Quiet in this sense does not mean being comfortable with the situation. It
simply means that we do not see the opportunity to unravel something more about
life and therefore choose to remain quiet.
People
who manage to learn about most are also quiet sometimes. They are quiet not out
of the inability to sense an opportunity. But the ability to sense that
something they not yet know is in front and they need to collect the wisdom of
their cumulative learning and energies to go about discovering their new
lessons. They are about to become Columbus of the unknown – the dimensions in
their own self that they have not as yet discovered.
Being
quiet of the second kind is the choice of those who seek life.

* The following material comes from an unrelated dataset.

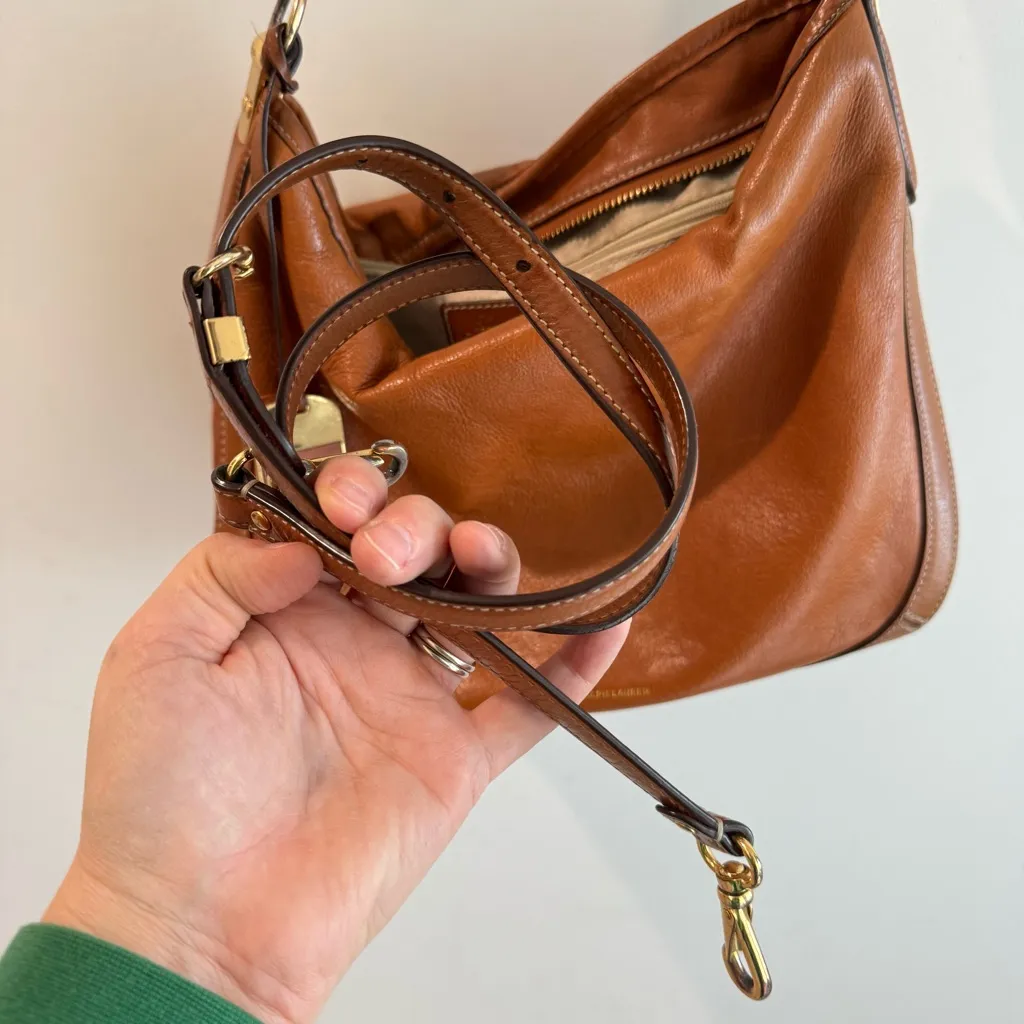Lauren Ralph Lauren Cognac Leather Hobo Bag - Image 7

For in the words
of Khalil Gibran:
Your hearts know in silence the secrets of the days
and the nights.
But your ears thirst for the sound of your heart's
knowledge.
You would know in words that which you have always
known in thought.
You would touch with your fingers the naked body of
your dreams.
And it is well you should.
The hidden well-spring of your soul must needs rise
and run murmuring to the sea;
And the treasure of your infinite depths would be
revealed to your eyes.
But let there be no scales to weigh your unknown
treasure;
And seek not the depths of your knowledge with
staff or sounding line.
For self is a sea boundless and measureless.
Say not, "I have found the truth," but
rather, "I have found a truth."
Say not, "I have found the path of the
soul." Say rather, "I have met the soul walking upon my path."
For the soul walks upon all paths.
The soul walks not upon a line, neither does it grow
like a reed.
The soul unfolds itself like a lotus of countless
petals.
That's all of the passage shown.